Yargıtay Kararı 22. Hukuk Dairesi 2013/5681 E. 2014/5738 K. 13.03.2014 T.

YARGITAY KARARI
DAİRE : 22. Hukuk Dairesi
ESAS NO : 2013/5681
KARAR NO : 2014/5738
KARAR TARİHİ : 13.03.2014

MAHKEMESİ : Adıyaman İş Mahkemesi
TARİHİ : 06/03/2013
NUMARASI : 2011/57-2013/98

Hüküm süresi içinde davalı avukatı tarafından temyiz edilmiş olmakla, dava dosyası için Tetkik Hakimi tarafından düzenlenen rapor dinlendikten sonra dosya incelendi, gereği konuşulup düşünüldü:

Y A R G I T A Y K A R A R I

Davacı, davalı TPAO’da muvazaalı olarak çalıştırılırken, iş sözleşmesinin haksız olarak feshedildiğini, davalı ortaklığa karşı açılan işe iade davasının kabul edildiği ve iş sözleşmesinin haksız feshedildiğinin mahkeme kararı ile saptandığını, işyerinde teknik eleman olarak 04.04.2001 tarihinden iş sözleşmesinin feshedildiği tarihine kadar çalıştığını, davalı işyerinde kök ücret uygulaması bulunduğunu, ancak ücretinin kök ücret üzerinden değil asgari ücret üzerinden ödendiğini, sendikaya üyelik başvurusu üzerine işten çıkarıldığını, kök ücret uygulaması olan işyerlerinde sendikalı olsun olmasın bütün işçilere kök ücretin altında ücret ödenemeyeceğini, ödenen ücret ve diğer işçilik alacaklarının kök ücretten düşük olması sebebiyle doğan fark kıdem ve ihbar tazminatı, yıllık ücretli izin alacağı ile dört aylık boşta geçen süre ve işe başlatmama tazminatı fark alacaklarının davalıdan tahsiline karar verilmesini istemiştir.
Davalı işveren, husumet itirazında bulunarak, müvekkilinin dönemsellik arz eden bazı işleri ihale yolu ile bir bütün olarak anahtar teslimli hizmet satın aldığını, davacının tüm özlük haklarını ve işten çıkarılma yetkisinin müteahhide ait olduğunu, yüklenici ile müvekkili arasında yapılan sözleşmelerin muvazaalı olduğuna ilişkin beyanları kabul etmediklerini, niteliği gereği dönemsellik arz eden işlerde asla kadrolu personel çalıştırılmadığını belirterek açılan davanın reddine karar verilmesini talep etmiştir.
Mahkemece, alınan bilirkişi raporu doğrultusunda davanın kabulüne karar verilmiştir.
Karar davalı avukatı tarafından temyiz edilmiştir.
Taraflar arasındaki uyuşmazlık işe iade davası ile davalı kurumun işçisi olduğu belirlenen davacının, davalı işyerinde çalışan diğer işçilere tanınan kök ücret yönetmeliğinden yararlanıp yararlanamayacağı ve buna bağlı olarak talep ettiği alacaklara ilişkindir.
Dosyadaki bilgi ve belgelere göre, davacı aynı mahkemenin 2008/16 esas sayılı dosyasında açtığı davada davalıya ait işyerinde muvazaalı olarak müteahhit işçisi olarak gösterilmek suretiyle çalıştırıldığını, davalı TPAO işyerinde kadrolu işçilerle birlikte çalıştığını ve davalı işyerinde iş sözleşmesi ile çalıştığının tespitini istemiş, yapılan yargılama neticesinde davacının davalı işyerinde teknik eleman olarak çalıştığının tespitine karar verilmiş olup, verilen kararın Yargıtay incelemesinden geçerek kesinleştiği anlaşılmıştır.
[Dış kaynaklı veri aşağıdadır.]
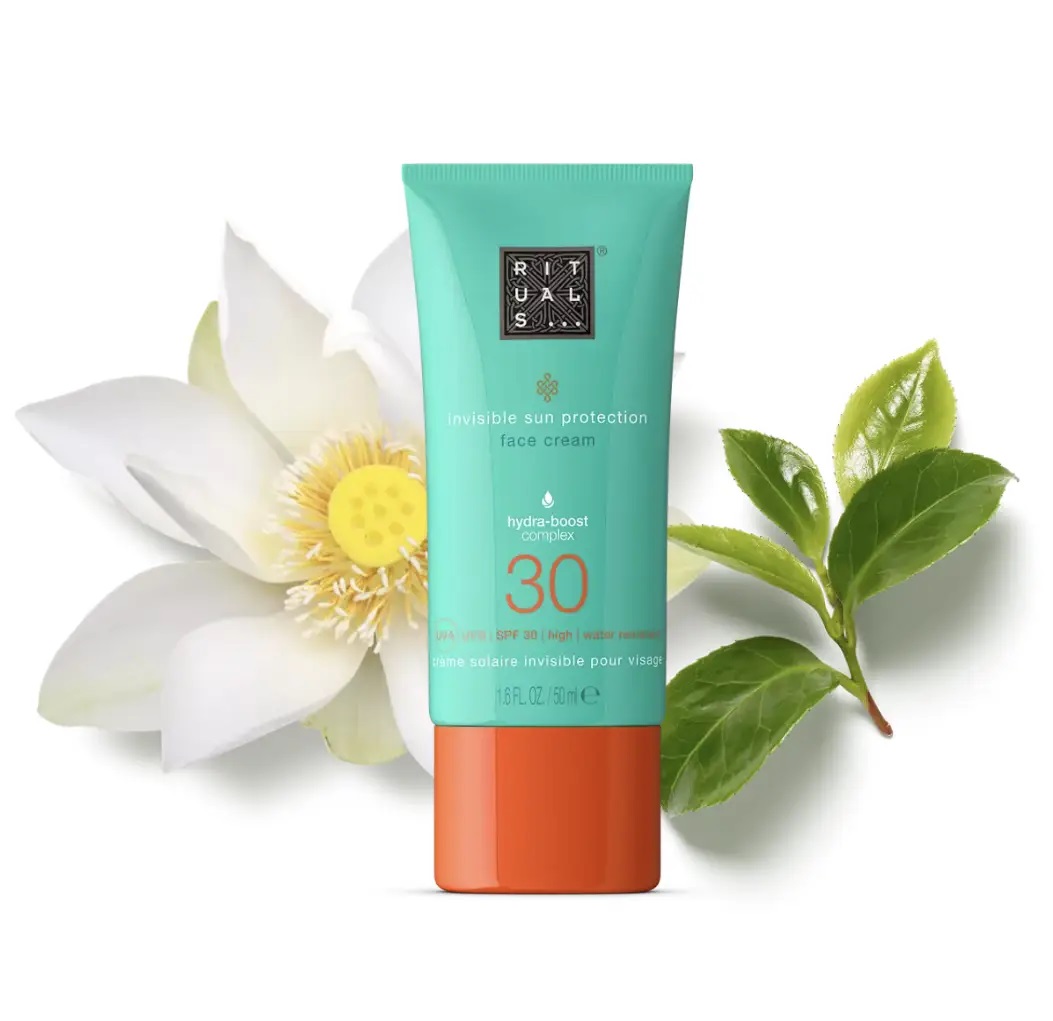 Солнцезащитный крем для лица SPF 30 The Ritual of Karma RITUALS 50 мл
Diğer yandan davacının Petrol-İş Sendikasına üye olmadığına ilişkin sendika yazısı, davalı tarafından yapılan ödemeleri gösteren belgeler, kapsam içi personel ücret yönetmeliği ve kök ücret tablosu dosyaya ibraz edilmiştir.
Davalı Ortaklığın Kök Ücret Yönetmeliğinin 1. maddesinde kök ücret için “Türkiye Petrolleri Anonim Ortaklığı işyerlerinde belirsiz süreli hizmet akdi ile çalışan ve toplu iş sözleşmesi kapsamında olan personele uygulanır.” düzenlemesi bulunmaktadır. Mahkemece alınan ilk bilirkişi raporunda sözkonusu düzenleme sebebi ile davacının toplu iş sözleşmesi ve kök ücret yönetmeliği kapsamında olmadığı belirtilerek davacının almakta olduğu ücret üzerinden alacakları hesaplanmıştır. Rapora itiraz üzerine alınan ve hükme esas teşkil eden bilirkişi raporunda ise ilgili yönetmelikte yer alan kök ücret tablosuna göre davacının alacakları belirlenmiştir. Ancak davacının sendika üyesi olmaması, dolayısı ile işyerinde yürürlükte olan toplu iş sözleşmesinden yararlanamadığı dikkate alındığında, Kök Ücret Yönetmeliğinin 1. maddesi gereği kök ücret uygulanmasını talep edemeyeceği açıktır. Buna göre, mahkemece alınan ilk bilirkişi raporundaki tespitlere göre belirlenen alacakların hüküm altına alınması gerekirken, hatalı gerekçe ile yazılı şekilde karar verilmesi bozmayı gerektirmiştir.
SONUÇ: Temyiz olunan kararın yukarıda yazılı sebeplerden BOZULMASINA, peşin alınan temyiz harcının istek halinde ilgiliye iadesine, 13.03.2014 gününde oybirliğiyle karar verildi.